Я действительно отказалась от репортерской работы, заняла в редакции тихую непрестижную должность, на которую не нашлось охотников среди мужчин. Дома писала статьи в разные издания, печатала и переводила. Ронен стал жить со мной. Он всегда был жизнерадостный самостоятельный мальчик, не рохля и не нытик и – чем особенно меня порадовал – очень привязался к деду, к моему отцу. У них были какие-то свои тайны и междусобойчики, и чем старше Ронен становился, тем больше становился похож на деда – такой же углубленный в книги идеалист. А отец ворчал на меня: “Как ты себя ведешь. У тебя ребенок. Это же неприлично”. Он всегда был добрым и деликатным человеком, это самое резкое, что он мог сказать, наблюдая за моей бурной личной жизнью. Любовники появлялись и исчезали, я тасовала их как карты в колоде. Редакция − это редакция, там толчется интересный народ, а знакомства я всегда заводила легко. Я не считала себя в чем-то виноватой, можно сказать, закусила удила. Где написано, что я в тридцать лет обязана заживо себя похоронить и перестать интересоваться мужчинами? А на костер, как в Индии, я случайно не должна взойти? Думаю, что если бы я хотела снова выйти замуж, отец бы так не расстраивался. Но замуж я не хотела. Способность целиком растворяться в любимом человеке, делающая нас такими уязвимыми, действительно умерла вместе с мужем и лежала с ним рядом под тяжелой могильной плитой.
Ронен пошел в армию и там познакомился с равом-хабадником, неизвестно каким чудом получившим светское образование. В какой-то момент я поняла, что мой сын ушел во все это так глубоко, что он светского образования точно не получит. По бытовым вопросам у нас трений не возникало. Что, от меня убудет переоборудовать кухню так, чтобы мой сын мог питаться дома? Что, я не найду о чем поговорить с ним в ту единственную субботу в месяц, когда он приезжает на побывку домой, и не обойдусь без телевизора? Да пропади он, этот телевизор. Но меня раздражали и смешили хасидские истории с их притянутой за уши моралью. Уверенность в том, что все мироздание вертится вокруг евреев, вызывала желание покрутить пальцем у виска. Пляски вокруг Ребе, его портреты и гадание на сборнике писем вызывали закономерный вопрос – это вообще евреи или язычники какие-то? Я спорила с Роненом, мне доставлял удовольствие сам процесс интеллектуального пинг-понга, я хотела, чтобы он все-таки потрудился напрячь свой интеллект и обосновать свою точку зрения. Ответом мне было глухое молчание или набор цитат из Тании, неизвестно, что хуже. Весной 1994-го он демобилизовался, а летом в Бруклине умер Ребе. Я сделала последнюю попытку воззвать к логике и разуму своего сына. Посмотри, говорила я, Ребе такой же человек, как мы все, пусть мудрый и ученый, но не Машиах, которого ты так ждал[215]. В ответ я услышала, что он уходит учиться в йешиву, что он всегда будет меня любить и мне помогать, но жить так, как живу я, он не хочет и не станет. Несказанное повисло в воздухе, и я поняла, что любовников он мне так и не простил. Входная дверь закрылась, комната медленно вертелась у меня перед глазами, я с трудом сфокусировала взгляд на фотографии своих родителей в рамочке на полке. Может быть и хорошо, что отец не дожил до счастья увидеть, как его единственный обожаемый внук с энтузиазмом заперся в гетто и боится всего, что может пробить брешь в этих стенах. Всего, включая собственную мать.

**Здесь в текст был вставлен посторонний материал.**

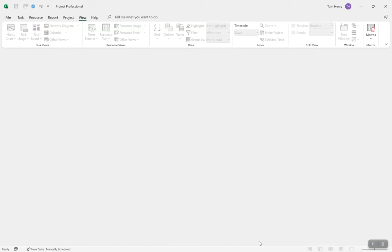Hello everyone and thank you for watching this video. This is a slightly different video to what I usually do. It's an all-encompassing how to use Microsoft Project, start to finish, just the basics. Let's get started.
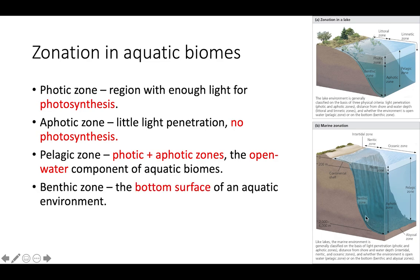Lastly, the benthic zone is simply the bottom surface of the aquatic environment. It doesn't matter what the depth of the body of water is — whatever that bottom layer or bottom surface is, that's still going to be the benthic zone.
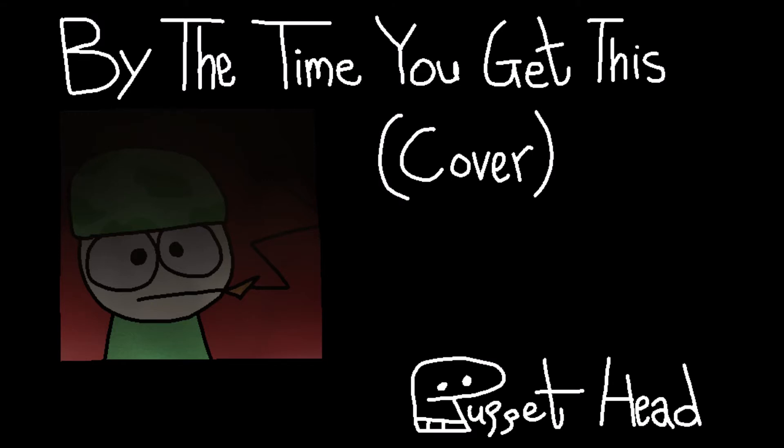By the time you get this note, we'll no longer be alive. But our skulls are smiling still at the thought of things to come.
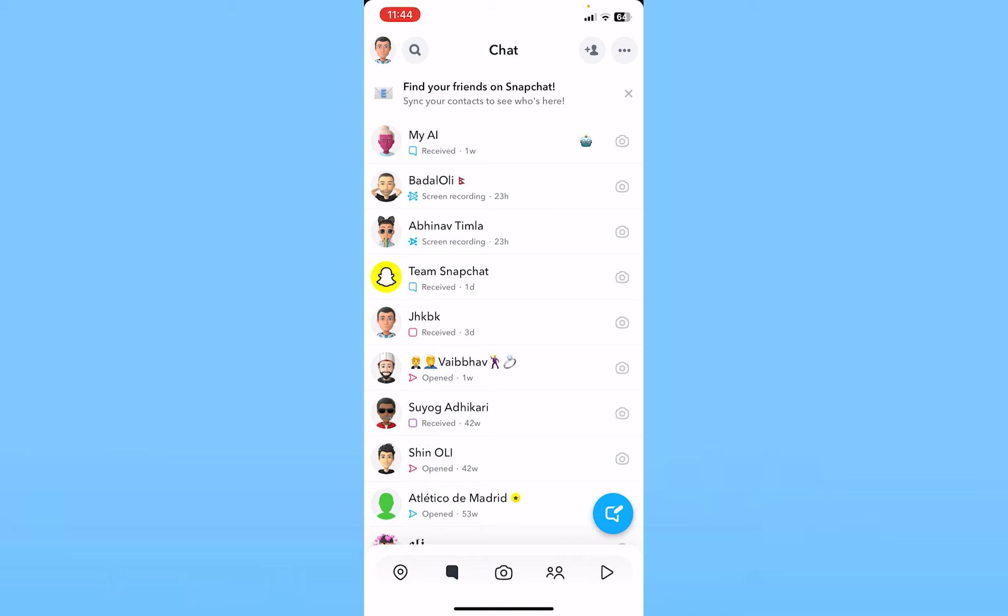In that case, just delete your Snapchat app and reinstall it again. Sometimes a bug causes this problem, so deleting and reinstalling your Snapchat and then going into the settings to turn on the camera access will make it work.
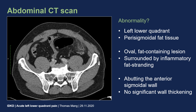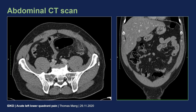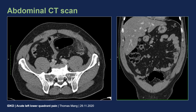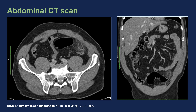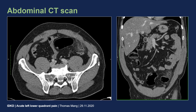It is abutting the anterior sigmoidal wall, but there is no significant associated wall thickening of the sigmoid colon. Here are also the coronal CT images showing the lesion in the left lower quadrant. The lesion is located within the perisigmoidal fat tissue, shows an oval shape, contains fat tissue, and is surrounded by inflammatory fat stranding.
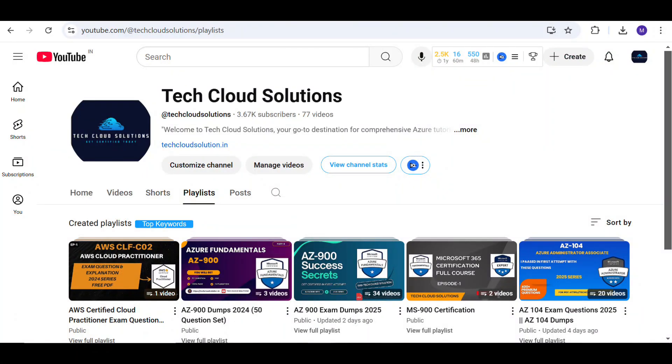If you have not watched our previous videos, you can check our entire playlist which has approximately 100 plus questions.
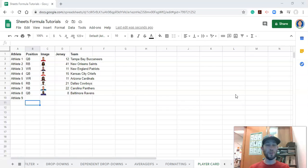Hi, everyone. We're going to learn how to make a dynamic player card in Google Sheets. By dynamic, I mean we'll be able to select the athlete that we want to see and a player card for them will pop up.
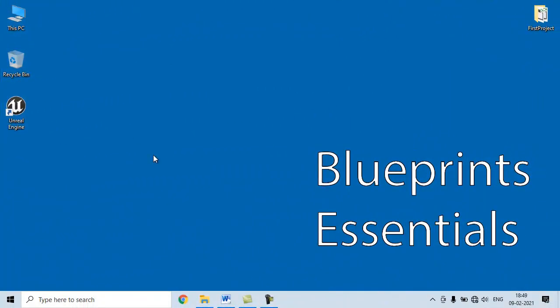Hello Friends, Welcome to Unreal Engine Blueprints Essentials Video Tutorials Series.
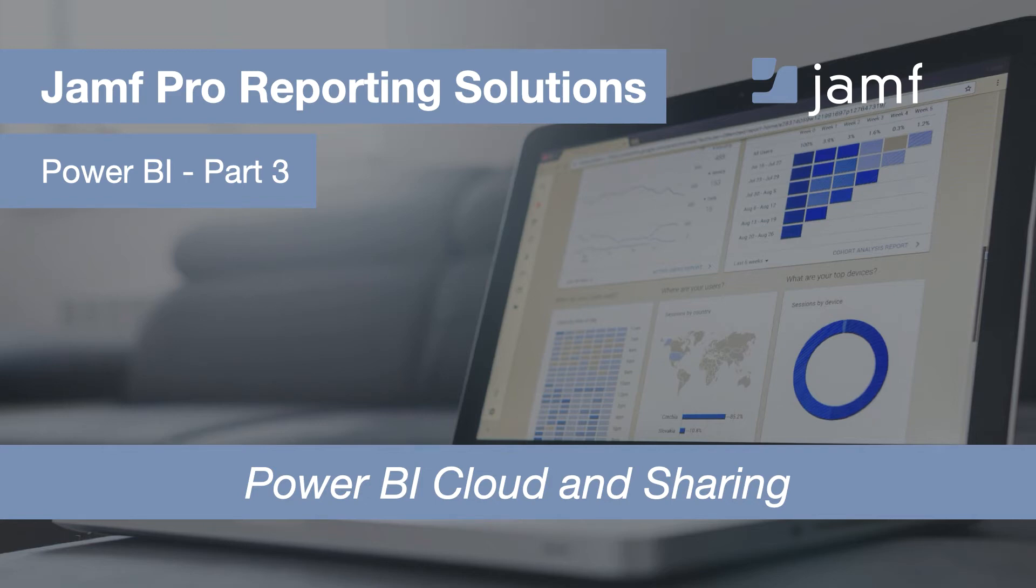Welcome to the Jamf Pro reporting solution series where we highlight BI and reporting tools that integrate with Jamf Pro. This is part 3 for Power BI.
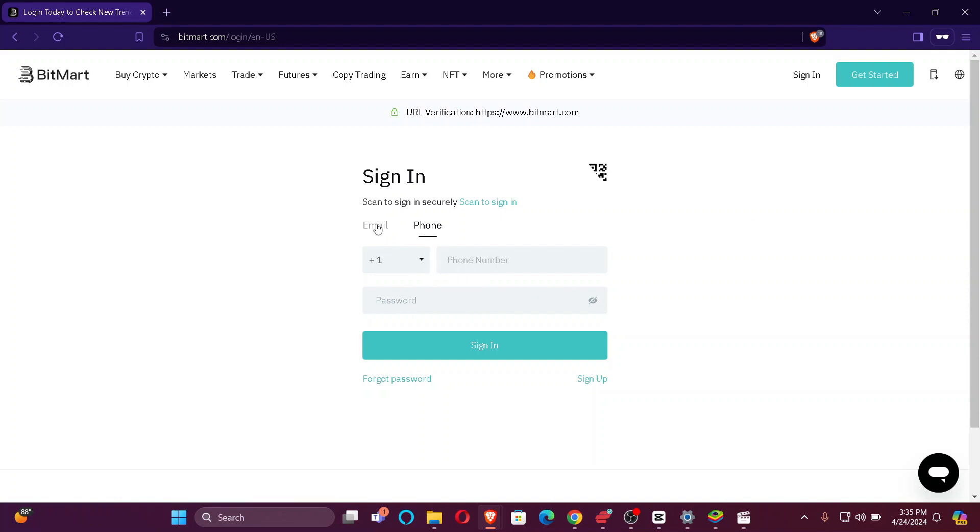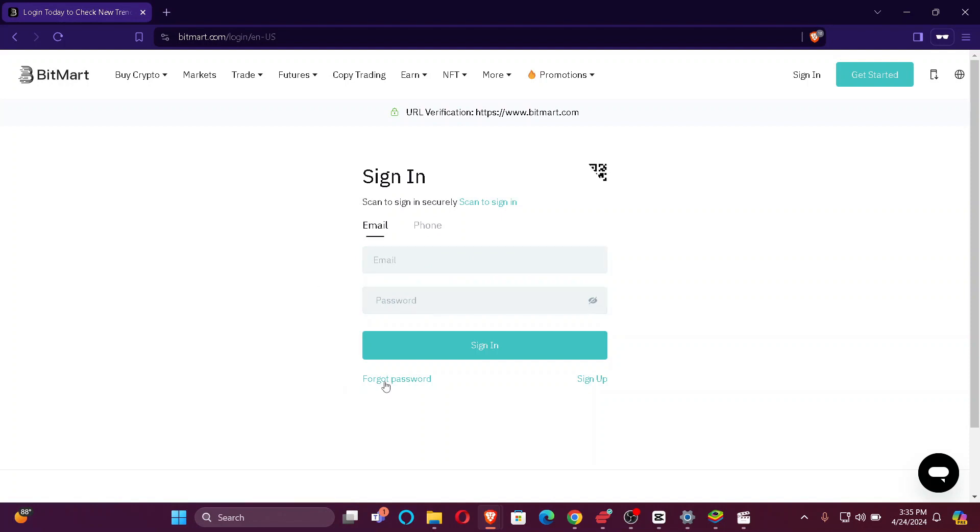All you have to do is enter your credentials which includes your email or your phone number and your password. In case you forgot your password, you can click here and reset it. If not, then just sign in.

* * *Если бы я верила в Бога, то поговорку “Человек предполагает, а Бог смеется” вспоминала бы каждый день. Я примирилась с мыслью, что Ронену я не нужна, тем более − не в первый раз. Оставшись на пепелище одна, я поняла, как во многом была неправа, но не знала, что делать. Он звонил регулярно, спрашивал, не нужно ли чего, но я прекрасно понимала, что это делается ради исполнения заповеди, а не ради меня. Интересно, с женой он тоже будет так жить? Кстати, о жене. В начале 1999-го он пригласил меня на свою свадьбу. Женщины там сидели отдельно от мужчин. Я уважаю религиозные чувства, я готова не маячить в молитвенном зале, если людям это мешает. Но сидеть за перегородкой на свадьбе собственного сына я не буду. Это оскорбительно для моего человеческого достоинства. Услышав мой ответ, Ронен закруглил разговор, даже не пытаясь скрыть облегчение. Пусть живет как хочет.
Вскоре после свадьбы Ронен с женой отбыли в Нью-Йорк. Именно в этот момент я пришла на работу в библиотеку. Было приятно в неформальной обстановке делиться с людьми книгами и знаниями, я бы занималась этим даже бесплатно. Как-то раз ко мне обратилась наша молоденькая эфиопская стажерка Адисалем – эбеновая статуэтка в облаке тонких косичек.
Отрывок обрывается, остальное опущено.